How house prices will be affected under Scott Morrison
One of the nation’s top economists has revised his house price predictions in light of a Coalition victory. Here’s what his property roadmap looks like for the nation’s investors.
AMP chief economist Shane Oliver said the combination of Labor’s negative gearing plans not coming into effect, a cash rate cut likely for next week, Mr Morrison’s promised financial help for first home buyers and the banking regulator relaxing its 7 per cent interest rate test points to house prices bottoming earlier and higher than previously expected.
Mr Oliver now anticipates capital city average house prices to have a top-to-bottom fall of 12 per cent – 10 per cent of which is already done – rather than 15 per cent.
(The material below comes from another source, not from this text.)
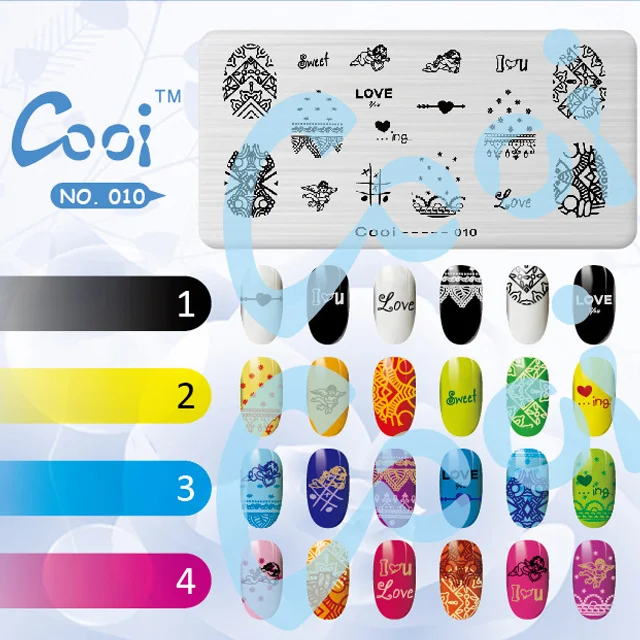 NO.10 Pinpai Nail Stamping Plates Flower Geometric Heart Nature Series Nail Template Stamp Image DIY Nail Designs Manicure Stamp Plate - Цвет: NO.10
Further, he expects prices to largely hit their floor at the end of the year.
A return to boom time?

However, given the still poor affordability, high debt levels, tighter lending standards and rising unemployment, a quick return to the boom time is unlikely.
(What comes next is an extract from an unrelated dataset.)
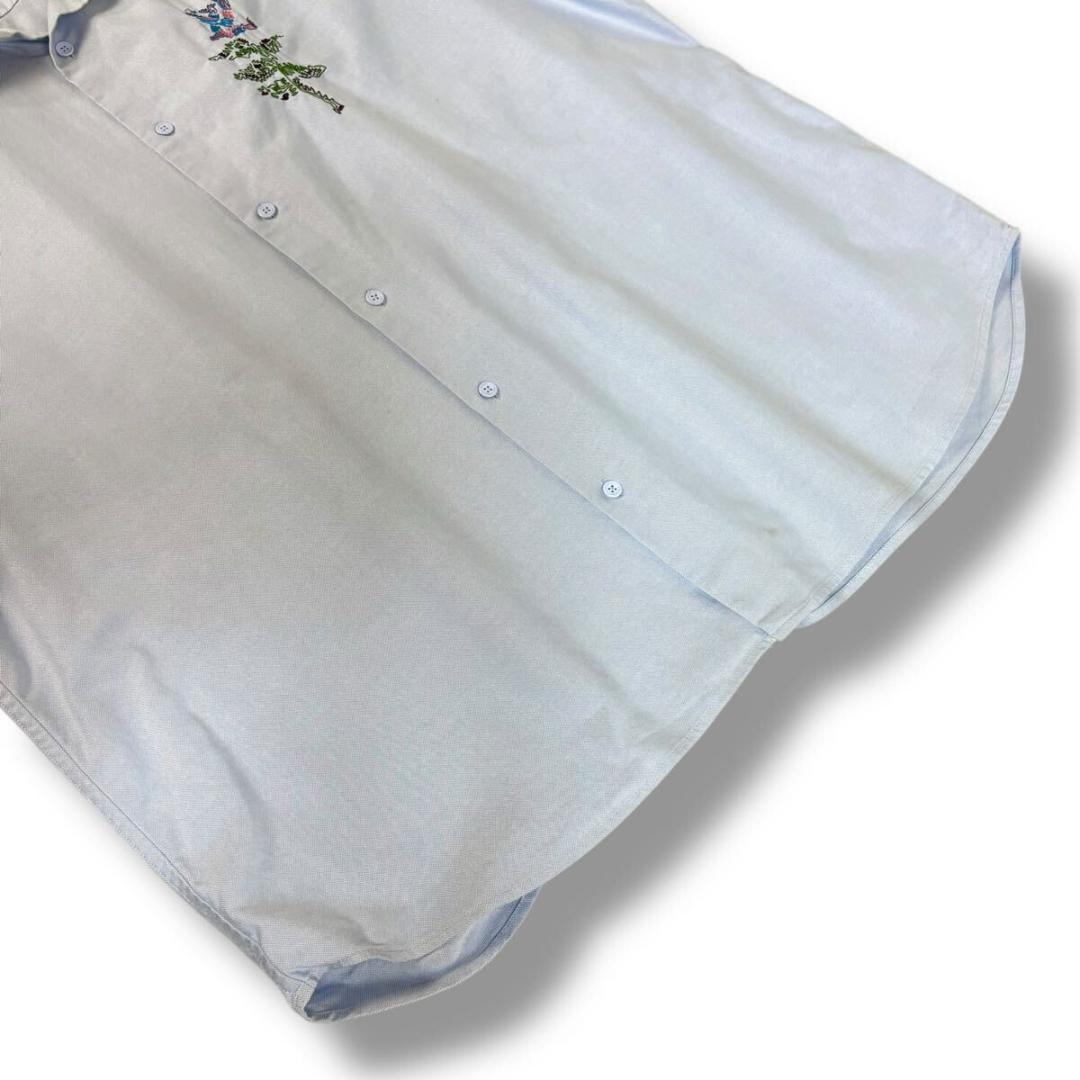 【美品】LOUIS VUITTON 長袖 シャツ 刺繍ブルー XXLイタリア製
Simply put: the fall has been big, and it will take a while to recover.
According to CoreLogic data, the fall in dwelling prices in capital cities are down 9.7 per cent from the highs of September 2017. With this, the total fall in value is the worst in 40 years, with Darwin (28 per cent), Sydney (15 per cent) and Melbourne (11 per cent) being the hardest hit.
How we got here
According to Mr Oliver, a range of pricing and economic factors caused the downturn:
- Firstly, a correction to the huge surge in 2017, where properties where overvalued and mortgagees were left with high debt
- The end of the mining booms in 2014 for Perth and Darwin
- Tightening lending standards that cracked down on lending to investors and interest-only loans
- A surge in supply of units in the major capitals
- 80 per cent collapse in foreign demand
- A big pool of interest-only borrowers switching to principal and interest loans
- Price fall feeding on themselves with a fear of not getting out of the market driving down the price
- Investors started to fact in the probability of Labor victory, which would restrict capital and capital gain taxes, meaning another 5 to 10 per cent could fall
Recent wins for the property market
While the drags remain significant, several positives have become apparent over the last few weeks. Mr Oliver believes these will help stabilise the market:
- First home buyers are now on the way as the government’s First Home Loan Deposit scheme takes effect.
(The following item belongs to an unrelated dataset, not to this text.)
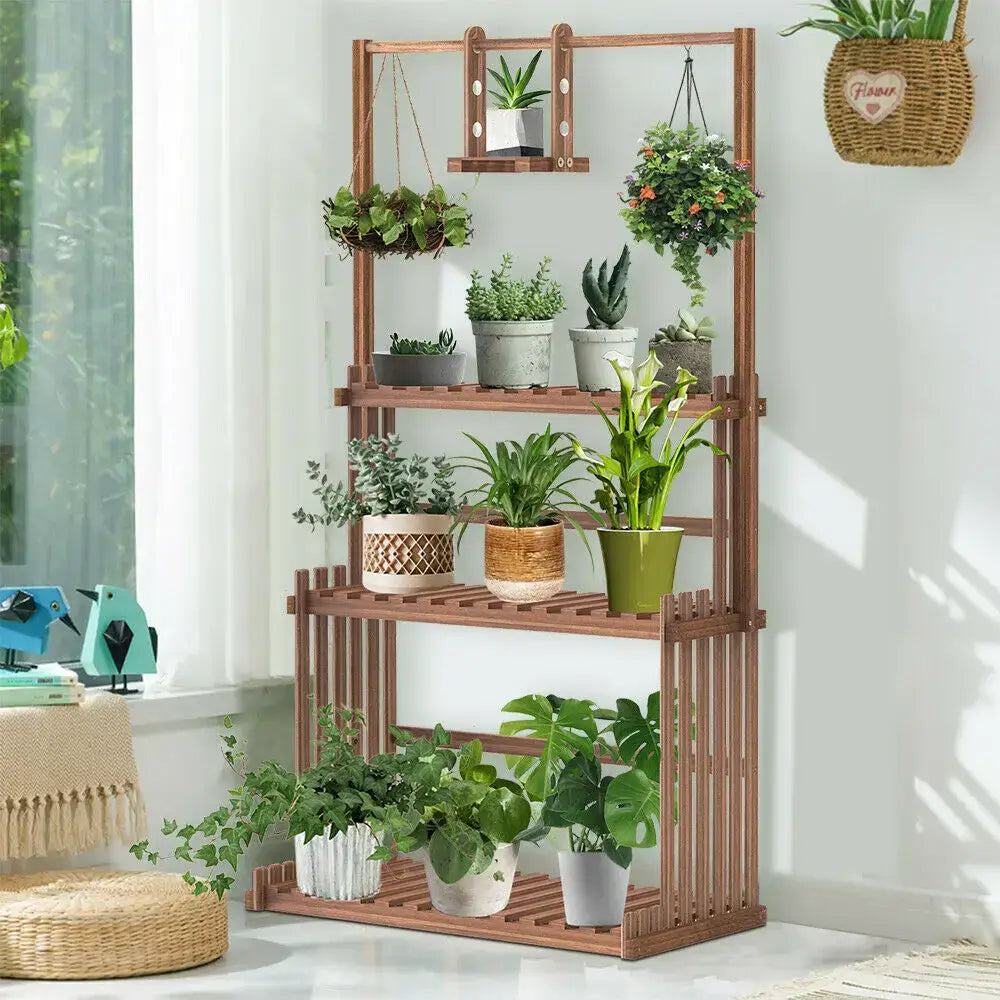 Decorbites™ 3-tier brown wood plant stand with multiple shelves and hanging hooks holding various potted plants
- Secondly, APRA is lowering the 7 per cent mortgage buffer making it easier to access capital.
- The RBA governor has all but confirmed that rate cuts are on the way.
- The threat to changes to negative gearing and CGT is gone with a Morrison government victory.
The influence of unemployment
The main risk is that Australia slides into a downwards spiral as the housing downturn and global slump trigger a surge in unemployment, which by default spikes housing prices. According to Mr Oliver, ultimately, this could cause a 30 per cent plus falls in the national property prices.
AMP predicts that 60,000 jobs will be lost due to the housing downturn. However, a number of factors, including infrastructure spending, resources investment are near the bottom, non-mining investment looking strong and tax cuts for low and middle-income earners, should cap unemployment at less than 6 per cent.